The Finance Bill 2021 is particularly critical for the successful implementation of the 2022 Budget. Its passage further underscores our firm commitment to regularly support federal Appropriation Bills with Finance Bills designed to facilitate their implementation.
I equally appreciate the continued mutual understanding, collaboration and productive engagements between officials of the Executive and the Legislative arms of government which have made this expeditious consideration as well as passage of the Bills possible.
I must however express my reservations about many of the changes that the National Assembly has made to the 2022 Executive Budget proposal.
Some of the worrisome changes are as follows:
a. Increase in projected FGN Independent Revenue by N400 billion, the justification for which is yet to be provided to the Executive;
b.

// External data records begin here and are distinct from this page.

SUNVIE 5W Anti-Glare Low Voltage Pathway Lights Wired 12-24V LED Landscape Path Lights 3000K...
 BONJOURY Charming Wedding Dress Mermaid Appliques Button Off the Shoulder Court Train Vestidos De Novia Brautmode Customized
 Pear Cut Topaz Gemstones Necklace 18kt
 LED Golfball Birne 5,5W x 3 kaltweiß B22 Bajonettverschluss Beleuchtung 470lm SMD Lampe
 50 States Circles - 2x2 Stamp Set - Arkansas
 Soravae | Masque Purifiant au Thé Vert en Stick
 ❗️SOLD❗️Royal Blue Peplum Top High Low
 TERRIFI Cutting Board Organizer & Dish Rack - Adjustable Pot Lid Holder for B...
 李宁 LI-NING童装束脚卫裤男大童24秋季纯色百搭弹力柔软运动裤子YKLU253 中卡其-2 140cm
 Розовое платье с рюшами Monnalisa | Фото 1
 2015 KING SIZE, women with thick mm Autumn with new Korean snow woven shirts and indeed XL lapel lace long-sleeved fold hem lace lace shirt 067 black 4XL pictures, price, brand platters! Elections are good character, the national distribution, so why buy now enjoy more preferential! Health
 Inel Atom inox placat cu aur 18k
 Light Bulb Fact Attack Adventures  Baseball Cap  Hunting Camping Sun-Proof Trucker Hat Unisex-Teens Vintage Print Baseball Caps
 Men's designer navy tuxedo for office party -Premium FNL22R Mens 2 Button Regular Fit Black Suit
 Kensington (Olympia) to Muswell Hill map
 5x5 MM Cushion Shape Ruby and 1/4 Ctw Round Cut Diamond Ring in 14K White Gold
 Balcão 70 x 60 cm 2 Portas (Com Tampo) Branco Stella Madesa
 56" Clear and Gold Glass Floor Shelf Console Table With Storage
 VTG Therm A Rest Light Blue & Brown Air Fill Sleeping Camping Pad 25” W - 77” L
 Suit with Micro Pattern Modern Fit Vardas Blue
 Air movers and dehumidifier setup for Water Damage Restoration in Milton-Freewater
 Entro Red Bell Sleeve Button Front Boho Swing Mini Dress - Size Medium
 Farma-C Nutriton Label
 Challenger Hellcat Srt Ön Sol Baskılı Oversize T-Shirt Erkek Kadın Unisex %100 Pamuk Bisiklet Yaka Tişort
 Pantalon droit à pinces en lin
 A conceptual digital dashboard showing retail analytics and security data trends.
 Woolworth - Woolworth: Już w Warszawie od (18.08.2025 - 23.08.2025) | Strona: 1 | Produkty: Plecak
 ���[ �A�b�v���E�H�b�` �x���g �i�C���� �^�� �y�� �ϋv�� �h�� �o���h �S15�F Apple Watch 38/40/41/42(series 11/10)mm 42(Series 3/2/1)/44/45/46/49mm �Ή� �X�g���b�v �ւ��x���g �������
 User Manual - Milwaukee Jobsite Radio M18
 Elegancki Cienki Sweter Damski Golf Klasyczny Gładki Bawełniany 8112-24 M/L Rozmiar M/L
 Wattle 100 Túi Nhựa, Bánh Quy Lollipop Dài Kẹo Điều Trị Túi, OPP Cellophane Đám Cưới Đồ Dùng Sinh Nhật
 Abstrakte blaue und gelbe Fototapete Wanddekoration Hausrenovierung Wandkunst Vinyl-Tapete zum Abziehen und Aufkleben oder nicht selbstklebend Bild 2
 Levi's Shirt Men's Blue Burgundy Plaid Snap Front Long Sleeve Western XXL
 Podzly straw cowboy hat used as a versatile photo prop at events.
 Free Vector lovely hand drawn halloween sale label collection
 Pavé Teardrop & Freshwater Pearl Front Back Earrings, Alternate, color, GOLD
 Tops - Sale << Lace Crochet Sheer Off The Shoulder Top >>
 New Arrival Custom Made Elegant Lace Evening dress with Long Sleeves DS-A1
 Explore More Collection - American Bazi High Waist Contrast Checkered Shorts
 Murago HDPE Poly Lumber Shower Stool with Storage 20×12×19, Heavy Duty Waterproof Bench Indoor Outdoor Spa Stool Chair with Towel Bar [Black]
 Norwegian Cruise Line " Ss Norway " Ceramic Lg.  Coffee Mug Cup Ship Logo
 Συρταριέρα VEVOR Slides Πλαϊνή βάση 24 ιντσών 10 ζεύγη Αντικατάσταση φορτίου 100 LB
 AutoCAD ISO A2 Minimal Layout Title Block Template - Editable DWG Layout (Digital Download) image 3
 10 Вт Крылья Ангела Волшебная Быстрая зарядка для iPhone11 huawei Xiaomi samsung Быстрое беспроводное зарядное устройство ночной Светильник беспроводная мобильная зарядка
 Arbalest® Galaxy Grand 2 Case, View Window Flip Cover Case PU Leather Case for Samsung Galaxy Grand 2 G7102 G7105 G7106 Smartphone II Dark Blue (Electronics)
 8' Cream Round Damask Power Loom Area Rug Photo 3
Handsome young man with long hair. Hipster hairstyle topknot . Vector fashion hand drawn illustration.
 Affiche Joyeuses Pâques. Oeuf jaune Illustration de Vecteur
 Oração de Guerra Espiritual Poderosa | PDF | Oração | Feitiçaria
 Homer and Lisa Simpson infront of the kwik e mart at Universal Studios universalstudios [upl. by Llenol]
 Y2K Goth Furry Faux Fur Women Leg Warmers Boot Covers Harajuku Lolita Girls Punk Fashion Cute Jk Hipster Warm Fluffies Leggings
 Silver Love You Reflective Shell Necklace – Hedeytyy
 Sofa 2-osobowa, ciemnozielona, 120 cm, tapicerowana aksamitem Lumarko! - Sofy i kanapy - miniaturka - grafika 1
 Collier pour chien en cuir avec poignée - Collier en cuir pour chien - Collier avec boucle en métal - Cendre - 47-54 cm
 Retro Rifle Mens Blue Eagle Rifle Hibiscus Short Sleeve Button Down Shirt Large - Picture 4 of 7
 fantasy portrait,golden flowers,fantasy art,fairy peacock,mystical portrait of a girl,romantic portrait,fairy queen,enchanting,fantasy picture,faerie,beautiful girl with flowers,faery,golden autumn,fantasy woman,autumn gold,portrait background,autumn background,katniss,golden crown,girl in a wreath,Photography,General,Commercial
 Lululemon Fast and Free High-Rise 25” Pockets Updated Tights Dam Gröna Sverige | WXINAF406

Reduction in the provision for Sinking Fund to Retire Maturing Bonds by N22 billion without any explanation;
c. Reduction of the provisions for the Non-Regular Allowances of the Nigerian Police Force and the Nigerian Navy by N15 billion and N5 billion respectively. This is particularly worrisome because personnel cost provisions are based on agencies’ nominal roll and approved salaries/allowances;
d. Furthermore, an increase of N21.72 billion in the Overhead budgets of some MDAs, while the sum of N1.96 billion was cut from the provision for some MDAs without apparent justification;
e. Increase in the provision for Capital spending (excluding Capital share in Statutory Transfer) by a net amount of N575.63 billion, from N4.89 trillion to N5.47 trillion. Nevertheless, provisions for some critical projects were reduced. These include:
i. Reduction of N12.6 billion in the Ministry of Transport’s budget for the ongoing Rail Modernisation projects,
ii. Reduction of N25.8 billion from Power Sector Reform Programme under the Ministry of Finance, Budget and National Planning, and
iii. Reduction of N14.5 billion from several projects of the Ministry of Agriculture, and introducing over 1,500 new projects into the budgets of this Ministry and its agencies.
f. Inclusion of new provisions totaling N36.59 billion for National Assembly’s projects in the Service Wide Vote which negates the principles of separation of Powers and financial autonomy of the Legislative arm of government.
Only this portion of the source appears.